De manière plus fondamentale, la démarche nous amène à nous questionner sur certaines hypothèses de départ, dont le rôle de Projet collectif à long terme.
- Est-ce que les plateformes devraient être portées de manière collective à travers une autre structure, alors que Projet collectif se concentrerait sur sa mission de soutien à la collaboration et l’accès aux connaissances?
- Quelle est la place du salariat dans ce type de démarche et quelles sont ses limites?
- Comment pouvons-nous élargir la portée des plateformes dans d’autres écosystèmes ou d’autres pays?
- D’un point de vue technique, comment favoriser la libération du code et sa gouvernance, le déploiement d’instances autonomes et l’interopérabilité entre plateformes numériques?
- Comment la communauté peut mieux participer à la conception, au financement (par exemple à travers des commandites de développements spécifiques), à la mobilisation, au soutien et à la transformation des pratiques?
- Comment pouvons-nous travailler de manière encore plus étroite pour répondre collectivement aux différents besoins numériques issus de différentes organisations?
- Quelles conditions doit-on mettre en place pour mieux réfléchir la mise en commun de nos connaissances et de nos outils, au-delà du chapeau organisationnel ou sectoriel?
Penser en dehors de la logique marchande oblige à penser en termes de collaborations et d’interdépendances, donc de dialogue et de confiance. Nous avons hâte de soumettre les idées et pistes qui découlent de cette démarche et de les faire grandir avec vous. Nous espérons aussi que la démarche et les idées inspireront des réflexions pour d’autres solutions numériques et pour d’autres milieux (on pense, par exemple, à nos ami·es maraîcher·ères).

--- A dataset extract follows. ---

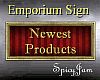 Emporium sign new produc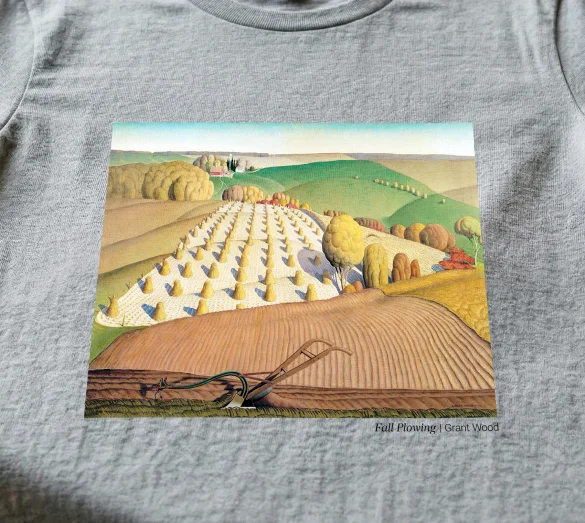 Bluzka damska Fall Plowing Grant Wood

Si En commun répond réellement à un besoin partagé et si le moment est propice pour une mobilisation de la communauté autour du déploiement et la soutenabilité de ces plateformes, je suis confiant que nous en ferons un véritable commun numérique. Cela sera exigeant, mais si nous y parvenons, je suis convaincu que les plateformes En commun seront encore plus pertinentes, ancrées dans les milieux et résilientes.